Briefly NotedThe World Trade Organization's 147 member states locked horns Wednesday to discuss the thorny issue of farm trade, with three groups offering their own answers on how to move talks forward by an end-July deadline, reports AFP. Tim Groser, New Zealand's ambassador to the WTO who is chairing the three days of consultations, said there were signs of a desire to devise a framework for agriculture negotiations by July 31. But he warned participants against holding back until the last minute.

US aid experts are this week visiting 16 low-income countries selected to receive aid as a reward for good governance in a multibillion dollar program that has won high praise for the Bush administration, notes the FT. The administration has in effect created a new category of countries eligible for US aid through the Millennium Challenge Account. It is meant to be free from bias in allocating the money, $1 billion this year and $2.5 billion requested from Congress for 2005. Paul Applegarth, head of the Millennium Challenge Corporation, which administers the fund, said the project was about "government leadership", adding that the 16 selected countries must now propose their own projects and administer them.

Agence France Presse notes that the African Union and UNDP have signed a $4.2-million agreement to promote the continent's participation in world trade negotiations, according to a AU statement on Wednesday. "The UNDP is expected to contribute $1.65 million of the cost of the project over the next three years and the balance will be contributed by participating partners," the statement said. The partners include the UN Economic Commission of Africa (ECA), World Bank, Britain's Department for International Development (DfID) and Nordic countries. The facility will assist African countries participating in the Doha Round of the WTO global free-trade talks.

Robert Mugabe was accused Wednesday of attempting to censor Zimbabwe's email traffic after his government ordered service providers to stop any correspondence that the regime deemed "malicious," reports The Guardian (UK). A new contract, which must be signed for the companies to have access to telephone lines, states that the "use of the network for anti-national activities" will be regarded as "an offence punishable under Zimbabwe law". The service providers have been told to promptly report the senders of offensive messages to the government. The firms regard this as an impossible task.

South Africa is leading a five-country project to harness the vast, but barely tapped, hydroelectric potential of the Congo river, reports the FT. Eskom, the state-owned utility, has joined its counterparts in Botswana, Namibia, Angola and Democratic Republic of Congo in a scheme to rehabilitate and upgrade the Inga plant near the river's mouth. Company managers speak of knitting together the continent's four regional power pools into a single pan-African grid, with Inga at its heart. The rapids at Inga, if fully exploited, could generate twice the power of China's Three Gorges dam, enough to light up Africa and export to Europe as well.

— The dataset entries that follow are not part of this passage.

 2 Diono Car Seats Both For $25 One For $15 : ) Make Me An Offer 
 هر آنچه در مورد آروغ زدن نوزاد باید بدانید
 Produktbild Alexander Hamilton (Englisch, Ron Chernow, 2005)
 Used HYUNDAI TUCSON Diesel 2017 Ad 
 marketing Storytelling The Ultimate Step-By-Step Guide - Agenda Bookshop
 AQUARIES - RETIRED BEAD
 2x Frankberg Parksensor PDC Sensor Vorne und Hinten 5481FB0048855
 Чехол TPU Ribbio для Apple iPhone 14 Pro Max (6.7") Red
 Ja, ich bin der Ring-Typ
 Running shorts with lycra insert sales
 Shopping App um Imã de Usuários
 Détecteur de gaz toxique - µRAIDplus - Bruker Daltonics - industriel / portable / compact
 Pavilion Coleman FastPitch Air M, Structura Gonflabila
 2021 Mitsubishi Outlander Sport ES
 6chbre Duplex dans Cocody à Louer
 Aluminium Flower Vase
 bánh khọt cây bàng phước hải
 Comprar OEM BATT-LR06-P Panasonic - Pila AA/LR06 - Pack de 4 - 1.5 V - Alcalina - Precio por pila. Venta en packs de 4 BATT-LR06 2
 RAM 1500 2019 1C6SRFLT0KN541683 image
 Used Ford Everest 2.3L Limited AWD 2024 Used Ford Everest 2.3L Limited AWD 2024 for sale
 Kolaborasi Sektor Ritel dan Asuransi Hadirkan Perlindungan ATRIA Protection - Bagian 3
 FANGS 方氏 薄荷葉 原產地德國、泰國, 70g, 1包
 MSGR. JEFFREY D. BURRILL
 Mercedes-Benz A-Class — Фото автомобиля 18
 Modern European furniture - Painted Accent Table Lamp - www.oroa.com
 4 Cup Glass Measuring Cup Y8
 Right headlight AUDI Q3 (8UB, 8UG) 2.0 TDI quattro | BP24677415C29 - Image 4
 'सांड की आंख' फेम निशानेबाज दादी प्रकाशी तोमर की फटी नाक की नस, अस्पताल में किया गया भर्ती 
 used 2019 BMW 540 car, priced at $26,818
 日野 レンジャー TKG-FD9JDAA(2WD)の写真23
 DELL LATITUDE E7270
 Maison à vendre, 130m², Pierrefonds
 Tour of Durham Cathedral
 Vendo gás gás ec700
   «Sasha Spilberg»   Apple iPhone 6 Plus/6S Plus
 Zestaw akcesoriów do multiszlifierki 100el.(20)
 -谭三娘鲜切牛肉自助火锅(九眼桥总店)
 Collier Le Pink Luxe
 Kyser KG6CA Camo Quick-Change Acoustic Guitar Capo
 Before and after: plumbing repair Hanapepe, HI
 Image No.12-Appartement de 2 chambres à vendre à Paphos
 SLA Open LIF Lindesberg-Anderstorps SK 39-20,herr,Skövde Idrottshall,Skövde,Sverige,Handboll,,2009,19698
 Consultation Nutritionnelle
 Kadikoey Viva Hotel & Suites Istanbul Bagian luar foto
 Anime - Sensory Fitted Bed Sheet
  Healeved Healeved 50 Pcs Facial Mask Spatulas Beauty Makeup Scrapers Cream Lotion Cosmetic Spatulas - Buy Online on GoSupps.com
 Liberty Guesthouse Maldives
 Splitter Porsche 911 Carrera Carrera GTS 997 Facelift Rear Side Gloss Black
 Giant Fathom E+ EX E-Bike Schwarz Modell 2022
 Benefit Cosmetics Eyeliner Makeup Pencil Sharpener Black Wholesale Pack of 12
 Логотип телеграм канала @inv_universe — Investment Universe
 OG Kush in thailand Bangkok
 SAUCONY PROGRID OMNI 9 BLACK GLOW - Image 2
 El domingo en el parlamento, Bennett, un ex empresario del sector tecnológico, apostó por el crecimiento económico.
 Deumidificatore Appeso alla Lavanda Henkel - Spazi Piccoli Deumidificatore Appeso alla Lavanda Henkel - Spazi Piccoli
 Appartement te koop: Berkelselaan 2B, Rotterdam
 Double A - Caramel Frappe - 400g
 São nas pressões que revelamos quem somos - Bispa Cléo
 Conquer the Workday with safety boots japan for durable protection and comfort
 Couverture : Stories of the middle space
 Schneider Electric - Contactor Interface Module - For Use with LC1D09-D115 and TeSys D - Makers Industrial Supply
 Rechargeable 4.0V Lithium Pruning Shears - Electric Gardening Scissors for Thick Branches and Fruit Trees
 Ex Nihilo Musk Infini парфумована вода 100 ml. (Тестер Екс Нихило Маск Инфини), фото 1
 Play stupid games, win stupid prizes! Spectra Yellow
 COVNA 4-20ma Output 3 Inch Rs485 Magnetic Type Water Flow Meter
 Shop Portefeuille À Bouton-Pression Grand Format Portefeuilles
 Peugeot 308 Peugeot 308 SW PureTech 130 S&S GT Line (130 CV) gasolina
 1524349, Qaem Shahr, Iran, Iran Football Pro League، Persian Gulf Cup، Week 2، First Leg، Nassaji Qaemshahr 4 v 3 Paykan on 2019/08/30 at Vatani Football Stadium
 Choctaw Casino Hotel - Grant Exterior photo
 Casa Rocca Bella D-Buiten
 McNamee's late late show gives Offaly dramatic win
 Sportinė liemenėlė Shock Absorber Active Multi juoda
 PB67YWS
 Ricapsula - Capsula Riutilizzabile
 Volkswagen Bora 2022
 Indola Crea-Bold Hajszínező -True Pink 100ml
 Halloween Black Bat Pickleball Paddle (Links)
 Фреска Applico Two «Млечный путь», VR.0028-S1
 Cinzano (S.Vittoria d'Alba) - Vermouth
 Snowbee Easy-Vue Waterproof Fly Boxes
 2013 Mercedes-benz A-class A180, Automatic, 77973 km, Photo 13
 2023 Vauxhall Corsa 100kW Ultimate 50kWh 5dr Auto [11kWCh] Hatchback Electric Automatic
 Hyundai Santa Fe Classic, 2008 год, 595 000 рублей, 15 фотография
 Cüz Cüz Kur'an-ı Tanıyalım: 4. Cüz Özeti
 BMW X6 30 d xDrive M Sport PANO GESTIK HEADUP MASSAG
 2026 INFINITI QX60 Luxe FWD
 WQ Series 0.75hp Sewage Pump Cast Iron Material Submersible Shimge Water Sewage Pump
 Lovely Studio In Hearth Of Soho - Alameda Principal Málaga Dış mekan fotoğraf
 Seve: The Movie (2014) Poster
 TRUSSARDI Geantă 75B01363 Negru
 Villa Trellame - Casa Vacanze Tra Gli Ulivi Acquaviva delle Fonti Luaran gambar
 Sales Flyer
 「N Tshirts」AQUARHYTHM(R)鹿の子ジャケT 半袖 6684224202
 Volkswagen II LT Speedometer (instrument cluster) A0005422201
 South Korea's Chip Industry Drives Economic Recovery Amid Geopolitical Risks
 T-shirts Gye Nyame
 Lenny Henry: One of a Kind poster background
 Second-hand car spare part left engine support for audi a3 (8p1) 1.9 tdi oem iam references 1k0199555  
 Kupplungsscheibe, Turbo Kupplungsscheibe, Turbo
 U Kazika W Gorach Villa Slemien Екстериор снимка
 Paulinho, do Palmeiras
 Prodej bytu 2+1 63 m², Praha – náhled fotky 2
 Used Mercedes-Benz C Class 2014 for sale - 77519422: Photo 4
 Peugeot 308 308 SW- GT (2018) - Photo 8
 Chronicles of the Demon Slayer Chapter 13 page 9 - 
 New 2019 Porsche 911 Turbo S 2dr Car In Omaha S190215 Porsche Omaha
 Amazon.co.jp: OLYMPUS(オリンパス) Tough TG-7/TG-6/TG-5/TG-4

In a surprising show of confidence, Prime Minister Ariel Sharon said Wednesday that he expected his deeply divided cabinet to give its approval on Sunday for his broad plan to withdraw Israeli settlers and soldiers from the Gaza Strip, reports The New York Times. A solid majority of Israelis back the plan, according to opinion surveys, but Sharon is still struggling to get the support of his 23 cabinet members, who are split 12 to 11 against it, according to the Israeli news media. It is not clear that any of the cabinet ministers have changed their positions in recent days.

The most influential host on Russian television was fired in a dispute over censorship of his popular Sunday-night political news program, resurrecting concerns about state control of the media under President Vladimir Putin, reports The Washington Post. Leonid Parfyonov had long been seen as one of the last independent voices on a major Russian network, and his dismissal late Tuesday night by NTV was criticized by journalists and opposition figures. It is "another landmark in the destruction of freedom of speech in Russia," said Igor Yakovenko, head of the Union of Russian Journalists.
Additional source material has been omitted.